= Beginning of Section =
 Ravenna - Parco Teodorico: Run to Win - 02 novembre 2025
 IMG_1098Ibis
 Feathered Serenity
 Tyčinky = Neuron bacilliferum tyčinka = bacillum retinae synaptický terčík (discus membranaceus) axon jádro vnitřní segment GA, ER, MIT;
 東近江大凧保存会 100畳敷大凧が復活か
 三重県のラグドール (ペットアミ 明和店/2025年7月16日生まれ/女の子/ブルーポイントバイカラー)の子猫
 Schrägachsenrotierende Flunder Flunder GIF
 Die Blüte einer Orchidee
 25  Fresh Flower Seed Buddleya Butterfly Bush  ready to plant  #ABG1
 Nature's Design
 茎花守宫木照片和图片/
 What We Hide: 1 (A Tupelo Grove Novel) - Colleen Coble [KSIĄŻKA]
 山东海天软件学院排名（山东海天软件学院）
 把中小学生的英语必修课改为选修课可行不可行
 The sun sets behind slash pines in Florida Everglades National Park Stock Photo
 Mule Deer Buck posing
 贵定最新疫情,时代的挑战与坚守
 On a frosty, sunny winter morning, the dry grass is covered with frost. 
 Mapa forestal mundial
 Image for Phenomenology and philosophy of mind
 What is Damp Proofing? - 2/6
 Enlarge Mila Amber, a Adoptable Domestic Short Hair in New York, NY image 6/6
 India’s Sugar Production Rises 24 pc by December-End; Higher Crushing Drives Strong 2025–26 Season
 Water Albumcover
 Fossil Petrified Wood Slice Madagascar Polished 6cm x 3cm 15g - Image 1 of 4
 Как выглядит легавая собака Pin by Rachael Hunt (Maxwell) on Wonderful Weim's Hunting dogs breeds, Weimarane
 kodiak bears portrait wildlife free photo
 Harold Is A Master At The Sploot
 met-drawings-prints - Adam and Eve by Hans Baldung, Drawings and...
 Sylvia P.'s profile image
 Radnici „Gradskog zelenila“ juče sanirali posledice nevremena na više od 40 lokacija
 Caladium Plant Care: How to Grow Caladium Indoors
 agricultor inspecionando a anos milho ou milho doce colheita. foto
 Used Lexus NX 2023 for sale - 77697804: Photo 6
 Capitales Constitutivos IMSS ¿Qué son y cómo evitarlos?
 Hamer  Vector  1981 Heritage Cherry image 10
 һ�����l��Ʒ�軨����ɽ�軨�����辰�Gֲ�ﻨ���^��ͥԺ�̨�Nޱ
= End of Section =
• _Your goal_
Set the material down exactly as written, starting at its first line. The line containing "What is Damp Proofing? - 2/6" is the last one to include.

• _Response to the exercise_
 Ravenna - Parco Teodorico: Run to Win - 02 novembre 2025
 IMG_1098Ibis
 Feathered Serenity
 Tyčinky = Neuron bacilliferum tyčinka = bacillum retinae synaptický terčík (discus membranaceus) axon jádro vnitřní segment GA, ER, MIT;
 東近江大凧保存会 100畳敷大凧が復活か
 三重県のラグドール (ペットアミ 明和店/2025年7月16日生まれ/女の子/ブルーポイントバイカラー)の子猫
 Schrägachsenrotierende Flunder Flunder GIF
 Die Blüte einer Orchidee
 25  Fresh Flower Seed Buddleya Butterfly Bush  ready to plant  #ABG1
 Nature's Design
 茎花守宫木照片和图片/
 What We Hide: 1 (A Tupelo Grove Novel) - Colleen Coble [KSIĄŻKA]
 山东海天软件学院排名（山东海天软件学院）
 把中小学生的英语必修课改为选修课可行不可行
 The sun sets behind slash pines in Florida Everglades National Park Stock Photo
 Mule Deer Buck posing
 贵定最新疫情,时代的挑战与坚守
 On a frosty, sunny winter morning, the dry grass is covered with frost. 
 Mapa forestal mundial
 Image for Phenomenology and philosophy of mind
 What is Damp Proofing? - 2/6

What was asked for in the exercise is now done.